The writer said she got this concept from Marie Kondo who's written extensively about de-cluttering one's life. Kondo says that if an item doesn't spark joy it should be sold or given to another person for whom it would spark joy. An interesting corollary to this method is that Kondo suggests we even talk to the item we're about to discard, thank it for this joy and wish it well in its new place!
I'm not sure our friends would consider us sane if they came to our home and found us talking to the drapery and the silverware, but the basic premise is a good one. We express thanks for the things that bring joy to our lives.
I read the Apostle Paul's words with new appreciation this week: "Let [us] place confidence in God, who lavishly provides us with everything for our enjoyment" (1Timothy 6:17).

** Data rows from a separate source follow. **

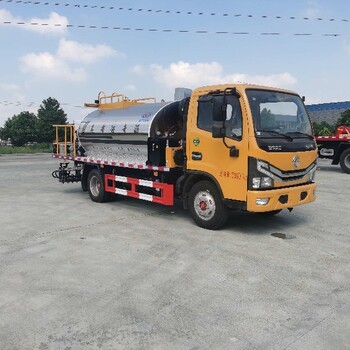 青海D9瀝青灑布車參數規格,瀝青灑布車價格
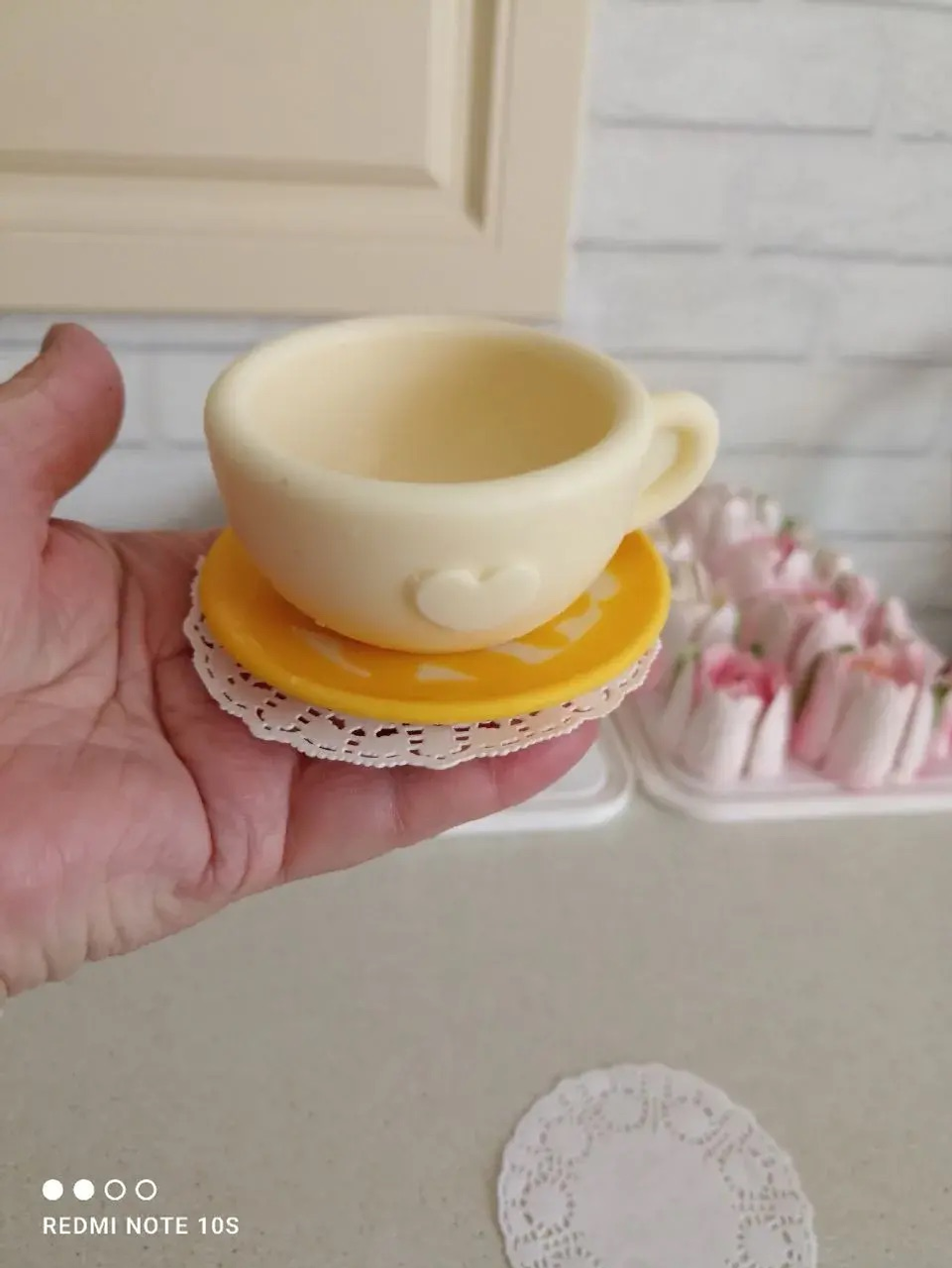 Зефирный флорист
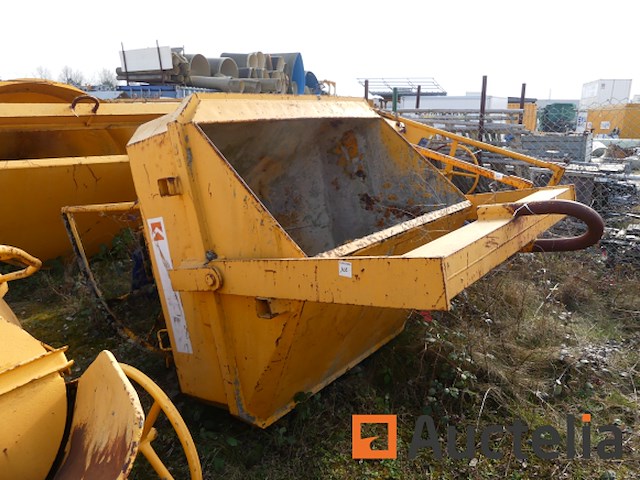 Secatol concrete cufa - afbeelding 1 van  7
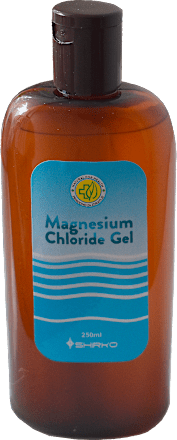 Magnesium Chloride Gel  SHIRKO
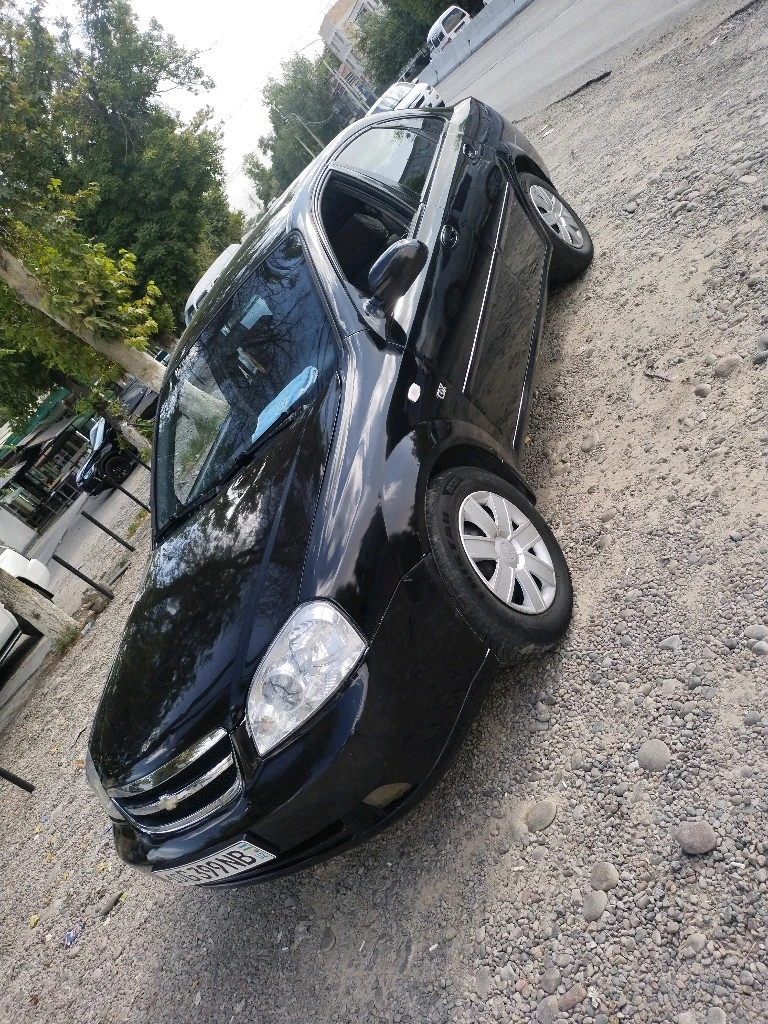 Daewoo Lacetti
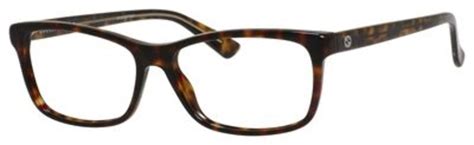 GUCCI 3723 Eyeglasses in color HNZ 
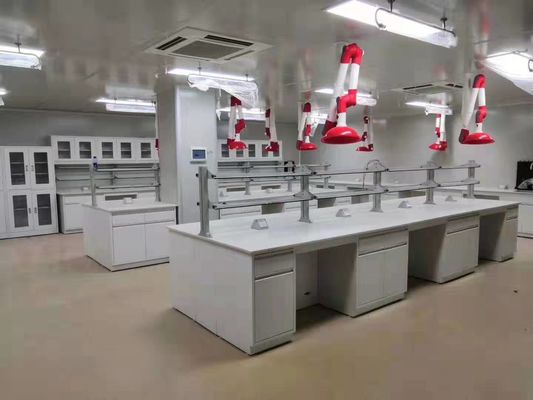 Хорошая цена Прочная мебель Casework лаборатории химии для исследования/таблицы лаборатории работают Суды онлайн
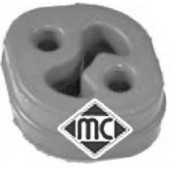 Кронштейн системы выпуска ОГ Metalcaucho 05298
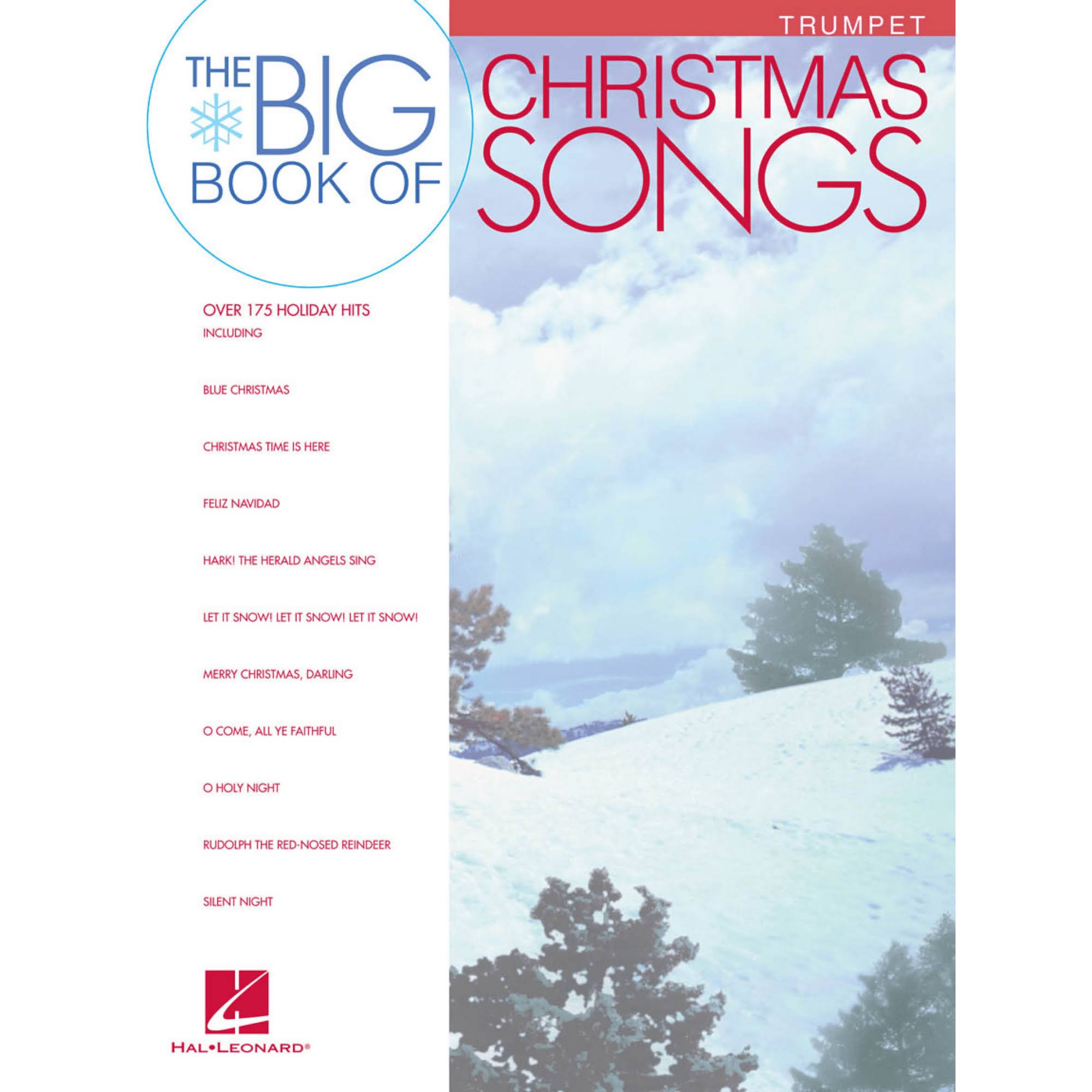 Big Book of Christmas Songs Trumpet - Hal Leonard
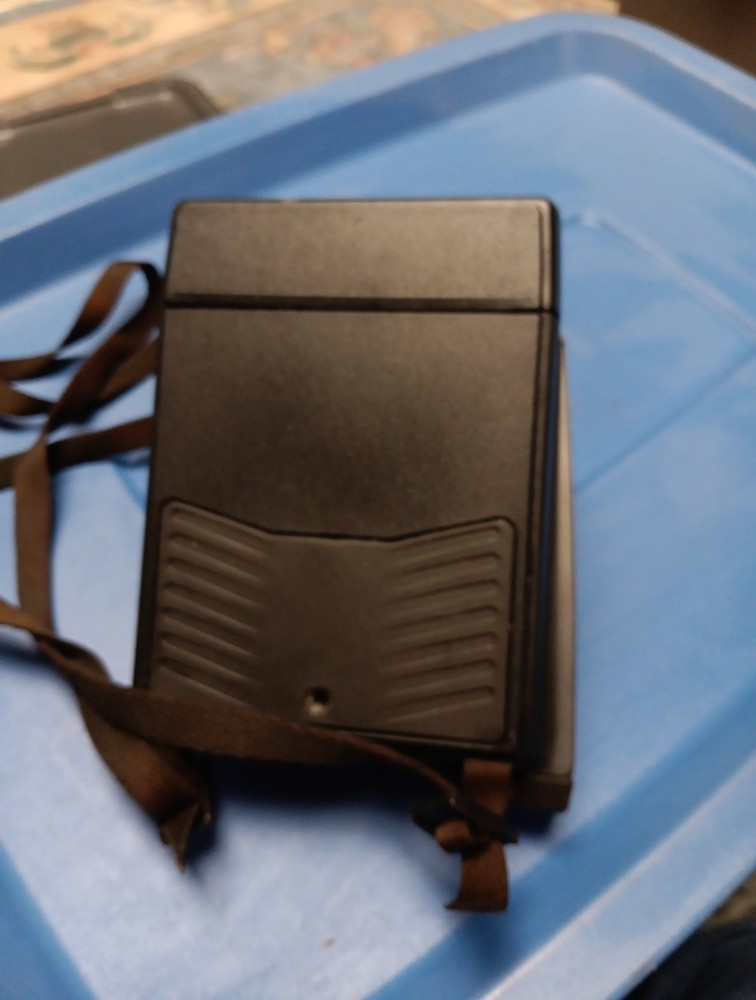 Polaroid Impulse QPS Instant Film Camera with strap !(Untested)!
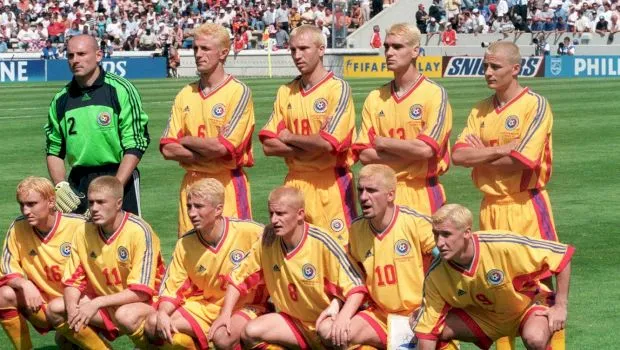 10 lucruri care nu existau în 1998, anul în care România s-a calificat ultima dată la un Campionat Mondial
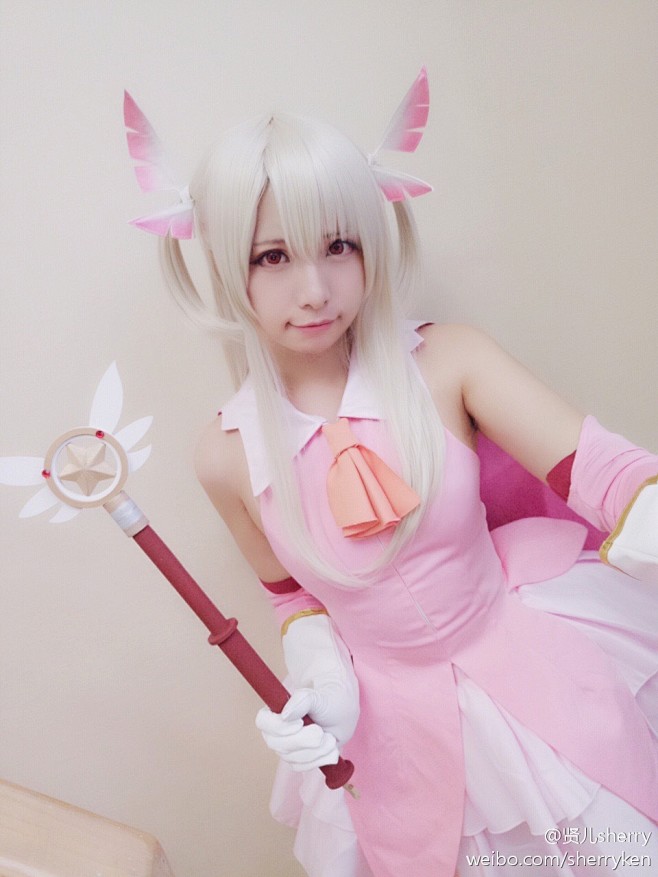 贤儿sherry的微博微博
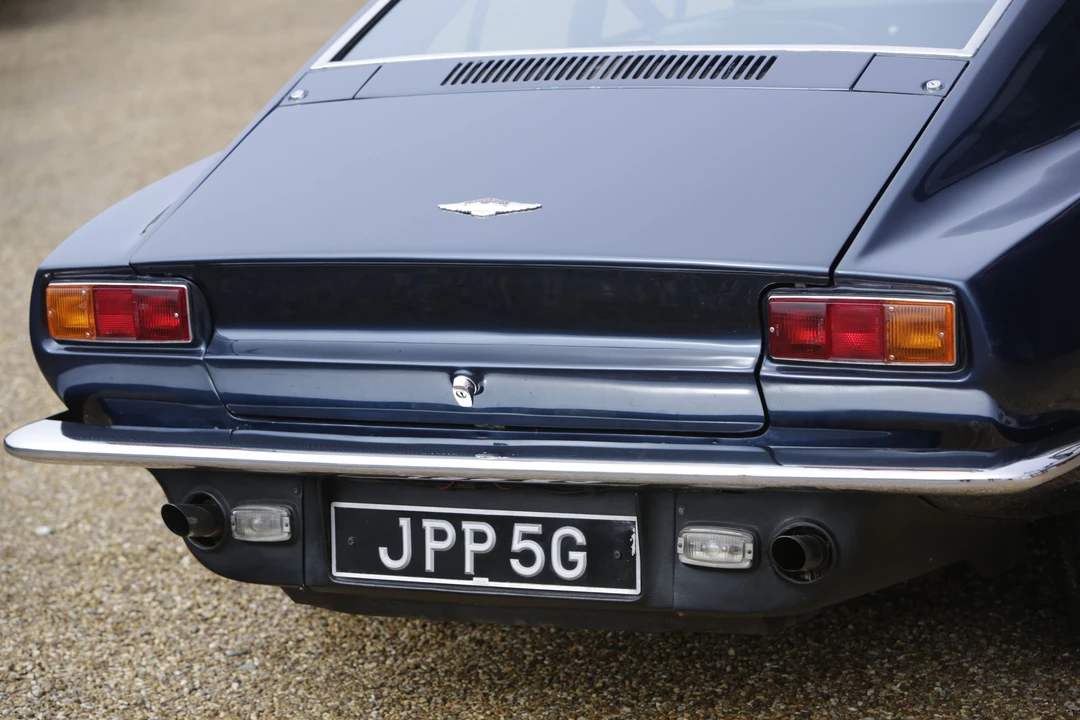1969 Aston Martin Lagonda - Image 20 of 31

The above-cited verse is addressed to "the rich." Readers might deny this descriptor, but we are rich. By the grace of God we're Americans living in a land of plenty. The Global Village at Habitat for Humanity's International Headquarters in Americus, Ga. has actual housing from the third world--housing we wouldn't use for our dogs or lawnmowers in America. We are all wealthy.
And scripture affirms the concept that God is a lavish giver of things. He's not a killjoy; he wants us to enjoy possessions. Accordingly, some find joy in coins or stamps, salt shakers or ceramic frogs, political items or books. These things spark joy. And part of our reason for worship is to thank God for the joy we find in things.
But scripture also affirms that we must handle things responsibly by remembering the needs of others around us. Scripture pointedly asserts that if we have goods and see a brother without goods and don't share, the love of God is absent our hearts (1 John 3:17).
Ultimately we'll stand before God to give account of our use of every opportunity and every possession. John the revelator said both "small and great" will stand before the Lord of the universe. The small is you and me. The great is the Kennedys, the Rockefellers and Bill Gates. God will hold us accountable for how we used our possessions.